The core activities of investment banks are subject to regulation and monitoring by central banks and other government institutions - but it has been common practice for investment banks to conduct many of their transactions in ways that don't show up on their conventional balance sheet accounting and so are not visible to regulators or unsophisticated investors.[5] For example, prior to the 2007-2012 financial crisis, investment banks financed mortgages through off-balance sheet (OBS), or Incognito Leverage, securitizations (e.g. asset-backed commercial paper programs) and hedged risk through off-balance sheet credit default swaps.[5] No major investment banks exist in the United States other than those that are part of the regulated banking system. (In 2008, Morgan Stanley and Goldman Sachs became bank holding companies, Merrill Lynch and Bear Stearns were acquired by bank holding companies, and Lehman Brothers declared bankruptcy.)
The volume of transactions in the shadow banking system grew dramatically after the year 2000. Its growth was checked by the 2008 crisis and for a short while it declined in size, both in the US and in the rest of the world.[6][7] In 2007 the Financial Stability Board estimated the size of the SBS in the U.S. to be around $25 trillion, but by 2011 estimates indicated a decrease to $24 trillion.[8] Globally, a study of the 11 largest national shadow banking systems found that they totaled to $50 trillion in 2007, fell to $47 trillion in 2008 but by late 2011 had climbed to $51 trillion, just over its estimated size before the crisis. Overall, the world wide SBS totalled to about $60 trillion as of late 2011.[6] In November 2012 Bloomberg reported on a Financial Stability Board report showing an increase of the SBS to about $67 trillion.[9] It is unclear to what extent various measures of the shadow banking system include activities of regulated banks, such as bank borrowing in the repo market and the issuance of bank-sponsored asset-backed commercial paper. Banks by far are the largest issuers of commercial paper in the United States, for example.
As of 2013, academic research has suggested that the true size of the shadow banking system may have been over $100 trillion as of 2012.[10]
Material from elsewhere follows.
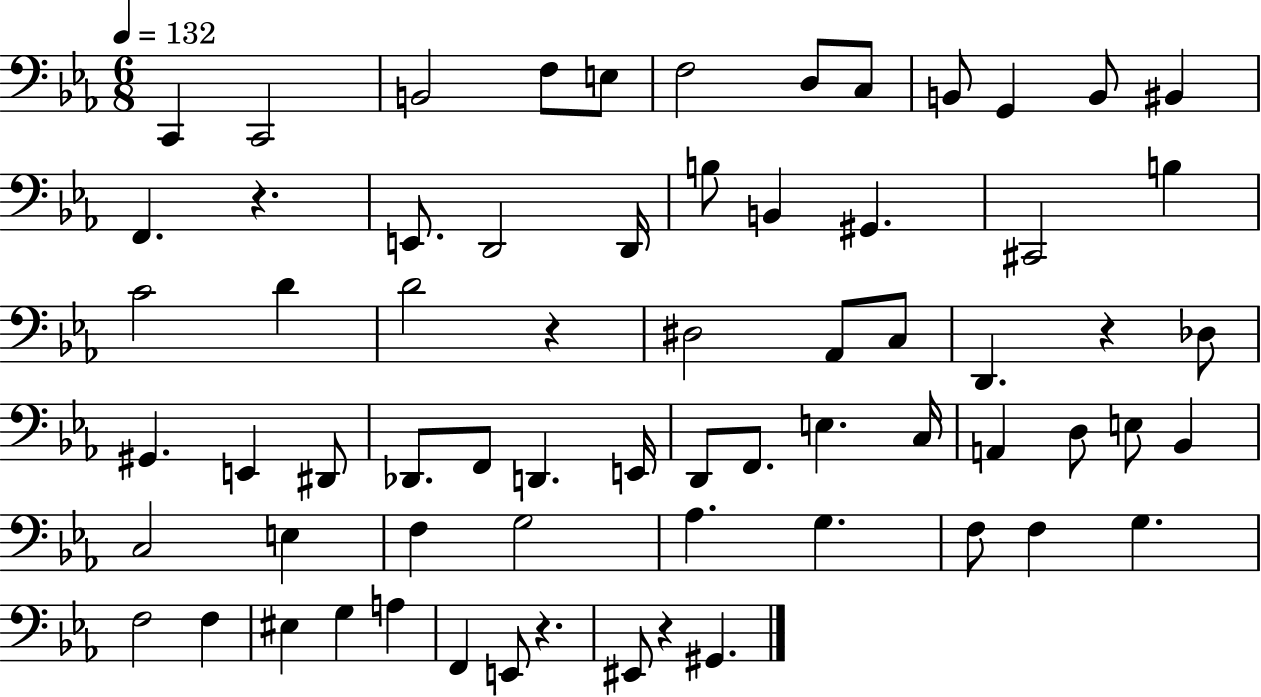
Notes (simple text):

1 ENTITIES THAT MAKE UP THE SYSTEM

Shadow institutions typically do not have banking licenses and don't take deposits like a depository bank and therefore are not subject to the same regulations. Complex legal entities comprising the system include hedge funds, structured investment vehicles (SIV), special purpose entity conduits (SPE), money market funds, repurchase agreement (repo) markets and other non-bank financial institutions.[11] Many shadow banking entities are sponsored by banks or are affiliated with banks through their subsidiaries or parent bank holding companies. The inclusion of money market funds in the definition of shadow banking has been questioned in view of their relatively simple structure and the highly regulated and unleveraged nature of these entities, which are considered safer, more liquid, and more transparent than banks.
Shadow banking institutions are typically intermediaries between investors and borrowers. For example, an institutional investor like a pension fund may be willing to lend money, while a corporation may be searching for funds to borrow. The shadow banking institution will channel funds from the investor(s) to the corporation, profiting either from fees or from the difference in interest rates between what it pays the investor(s) and what it receives from the borrower.
Hervé Hannoun, Deputy General Manager of the Bank for International Settlements(BIS) described the structure of this shadow banking system to at the annual South East Asian Central Banks (SEACEN) conference.(Hannoun 2008)[2]
"With the development of the originate-to-distribute model, banks and other lenders are able to extend loans to borrowers and then to package those loans into ABSs, CDOs, asset-backed commercial paper (ABCP) and structured investment vehicles (SIVs). These packaged securities are then sliced into various tranches, with the highly rated tranches going to the more risk-averse investors and the subordinate tranches going to the more adventurous investors."
—Hannoun, 2008
The shadow banking system makes up 25 to 30 percent of the total financial system, according to the Financial Stability Board (FSB), a regulatory task force for the world's group of top 20 economies (G20).
This sector was worth an estimated $60 trillion in 2010, compared to prior FSB estimates of $27 trillion in 2002.[12][8] While the sector's assets declined during the global financial crisis, they have since returned to their pre-crisis peak[13] except in the United States where they have declined substantially.
A 2013 paper by Fiaschi et. al. used a statistical analysis based the deviation from the Zipf distribution of the sizes of the world's largest financial entities to infer that that the size of the shadow banking system may have been over $100 trillion in 2012.[10][14]
There are concerns that more business may move into the shadow banking system as regulators seek to bolster the financial system by making bank rules stricter.[13]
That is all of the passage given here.